We’ve all seen taglines in variation of this:
Tutorials and patterns are for personal use only. If you are interested in using any of the patterns or tutorials for resale, please contact The Owner at email@example.com to discuss licensing agreements.
Here’s the nitty gritty of licensing.
Under copyright law, a license is a written permission from the copyright holder granting the licensee privileges that are normally reserved to the copyright holder. So yes, licensing is a way to restrict use of the material.
The key in the above statement is the copyright holder is granting permission. But it was discussed yesterday that patterns themselves can not be copyrighted, nor can the items produced from such patterns. So there is no copyright holder and in turn, no license and no need to grant permission to the end-user. Yet again, in my opinion, it becomes just an issue of ethics.
A quick check of copyright records shows no clothing pattern copyrights held by Simplicity, Butterick or McCalls. Simplicity holds copyrights on some of their pattern envelopes, but not the patterns themselves. Of the more popular designers, Amy Butler was the only one I found to have registered copyrights for some of her patterns. Her copyright material was mainly for non-clothing items, technical drawings within the pattern or needlepoint designs. The other designers had some fabrics copyrighted but nothing else.

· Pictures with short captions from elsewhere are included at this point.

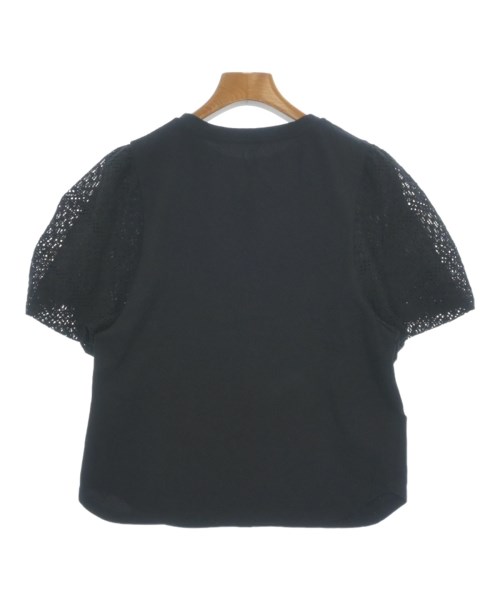 UNTITLED（アンタイトル）Tシャツ・カットソー 黒 サイズ:1(S位) レディース/2200608691022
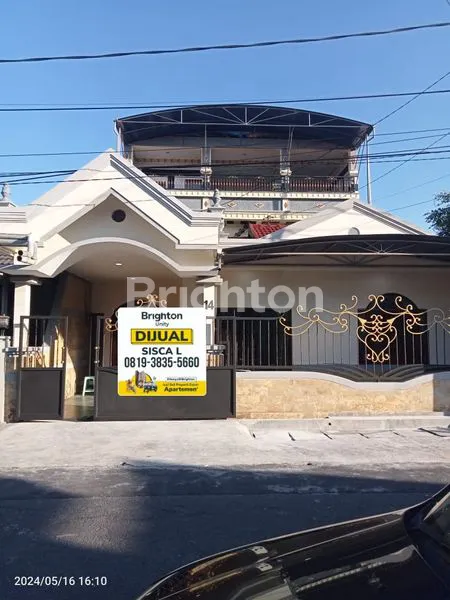 image RUMAH 2 LANTAU SIAP HUNI LOKASI STRATEGIS 5 MENIT KE JALAN RAYA MERR ONE GATE SISTEM (1)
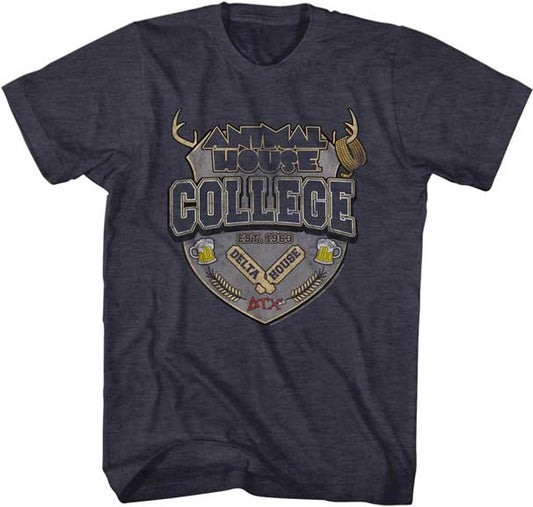 Animal House Delta House Mens Lightweight T-Shirt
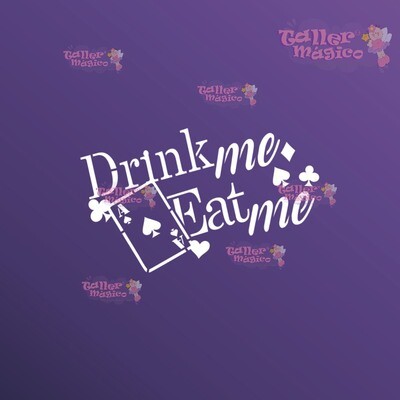 DRINK ME-EATME 1020115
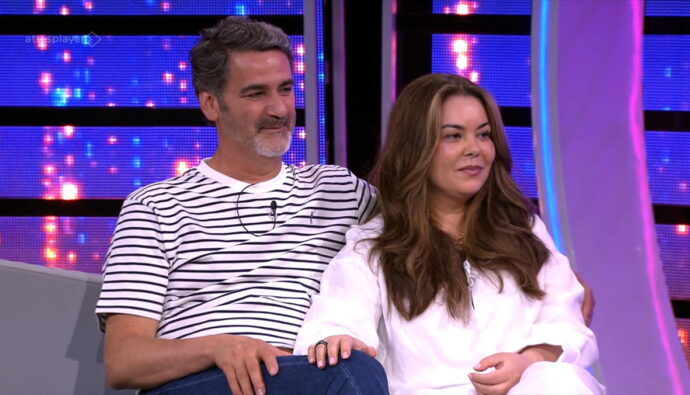 Jesulín de Ubrique y María José Campanario en 'Tu cara me suena'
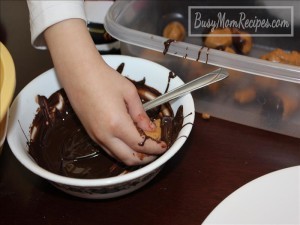 bittersweet chocolate melted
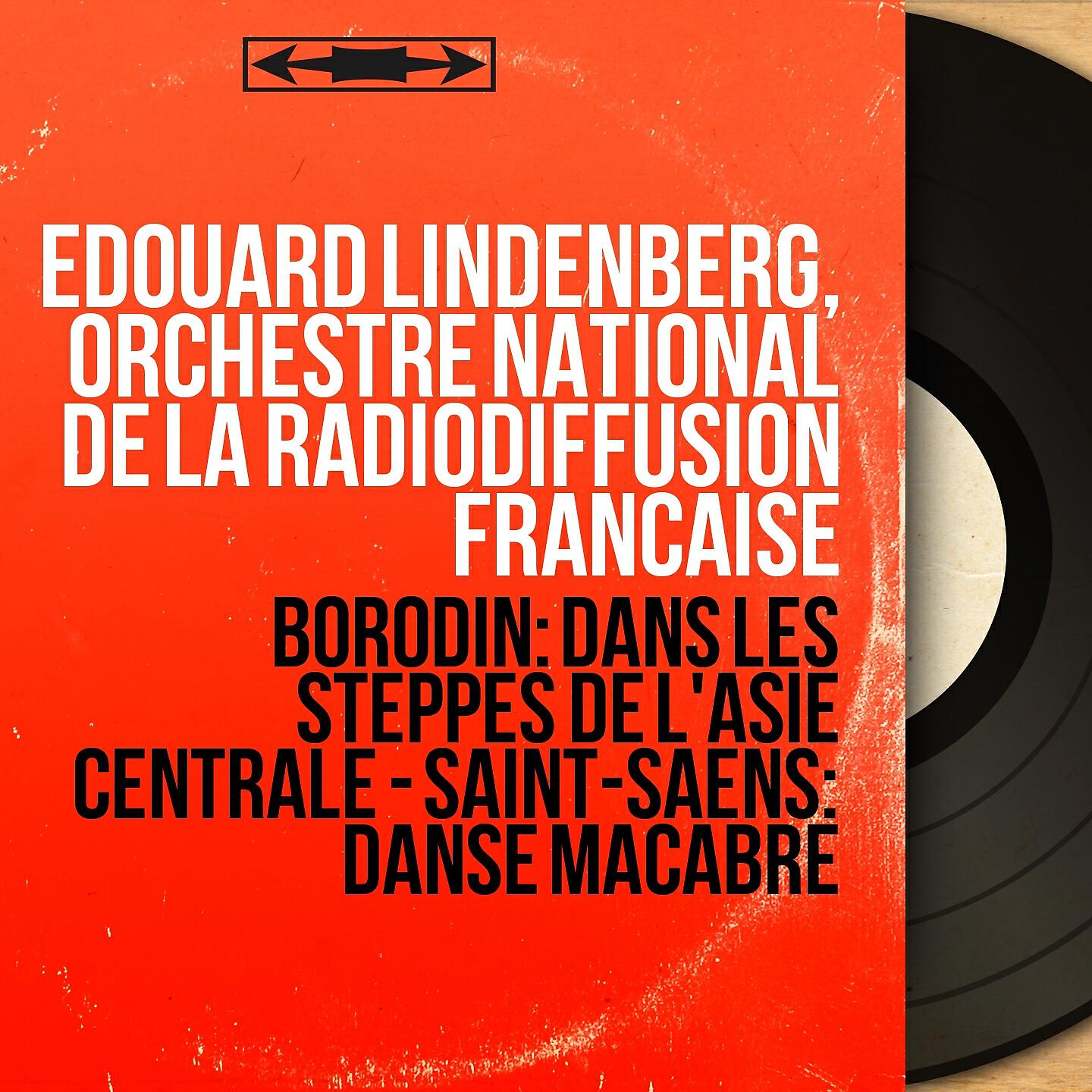 Edouard Lindenberg - Dans les steppes de l'Asie centrale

Which makes a person wonder why we see the technical wording we do.
- Why do designers state their items are copyrighted when in fact most aren’t?
- Why do they state a requirement of licensing agreements when no copyright for the item exists?
- Why do they indicate they have a legal right to restrict the end use product of their patterns when in reality they don’t?
Is it because they think they do? Or is it because they think we don’t know otherwise?